### PROBLEM STATEMENT
Under this line is a listing; return exactly the lines starting at the one with "Оттеночная краска для" and running down to the one with "FUNDINGO episode artwork", and leave out its pictures.

### EXERCISE MATERIAL
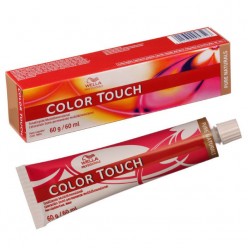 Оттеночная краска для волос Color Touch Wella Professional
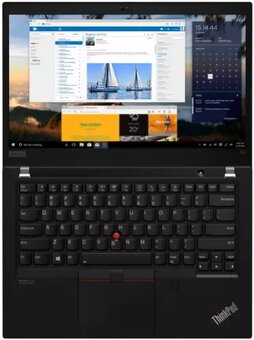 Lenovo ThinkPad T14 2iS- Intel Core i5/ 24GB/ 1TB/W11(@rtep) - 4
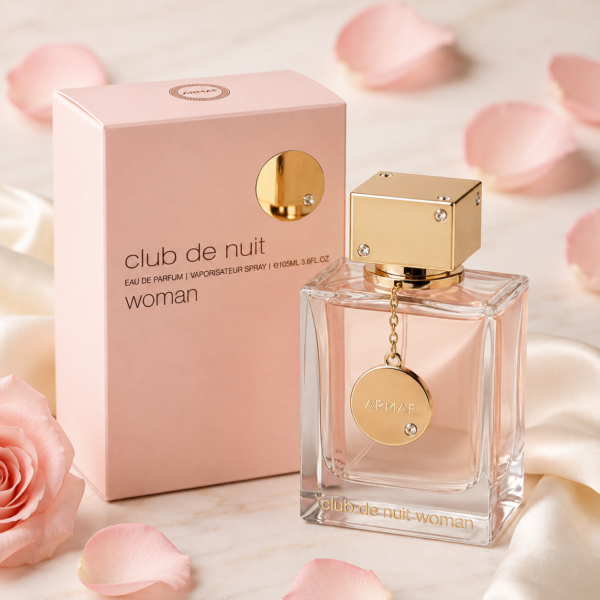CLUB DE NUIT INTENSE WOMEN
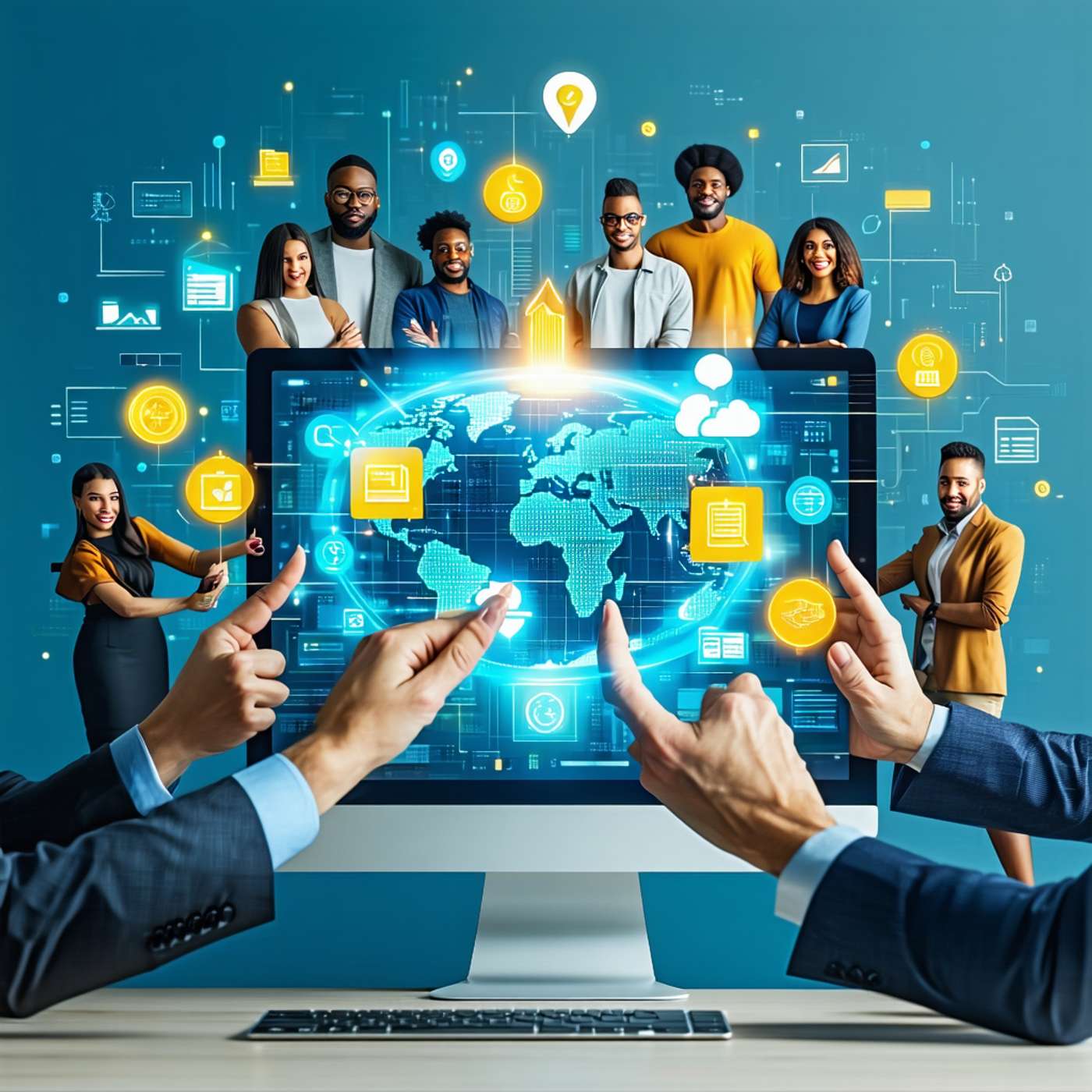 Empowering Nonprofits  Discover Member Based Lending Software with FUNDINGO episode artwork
---
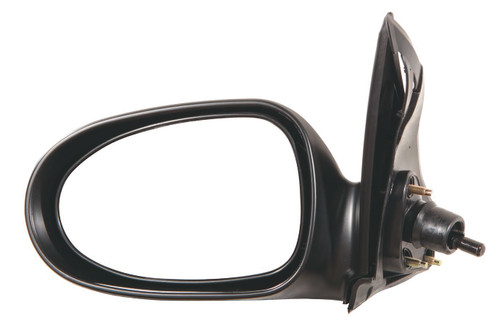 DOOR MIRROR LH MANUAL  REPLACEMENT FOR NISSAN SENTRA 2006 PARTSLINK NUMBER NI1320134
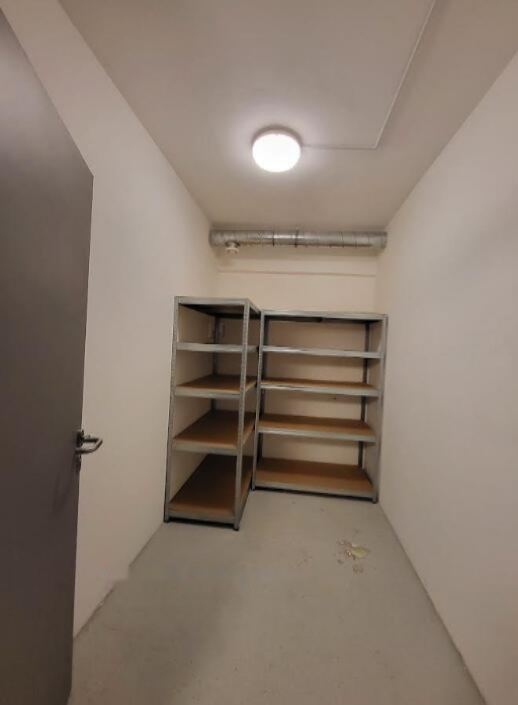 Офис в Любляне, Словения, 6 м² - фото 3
---
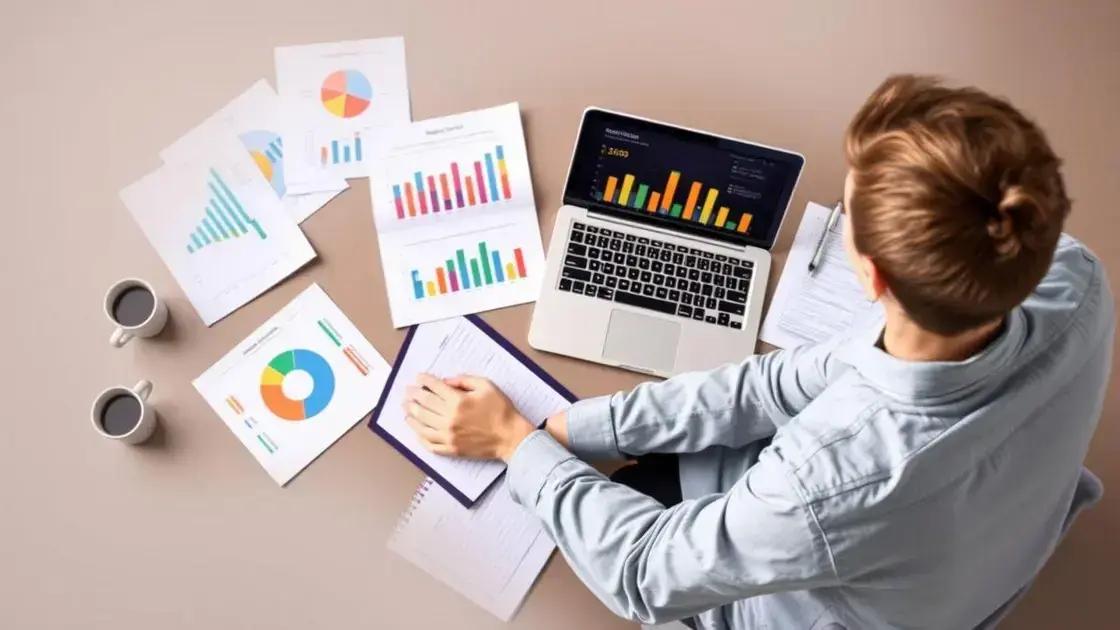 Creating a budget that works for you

### EXERCISE RESULT
 Оттеночная краска для волос Color Touch Wella Professional
 Lenovo ThinkPad T14 2iS- Intel Core i5/ 24GB/ 1TB/W11(@rtep) - 4
CLUB DE NUIT INTENSE WOMEN
 Empowering Nonprofits  Discover Member Based Lending Software with FUNDINGO episode artwork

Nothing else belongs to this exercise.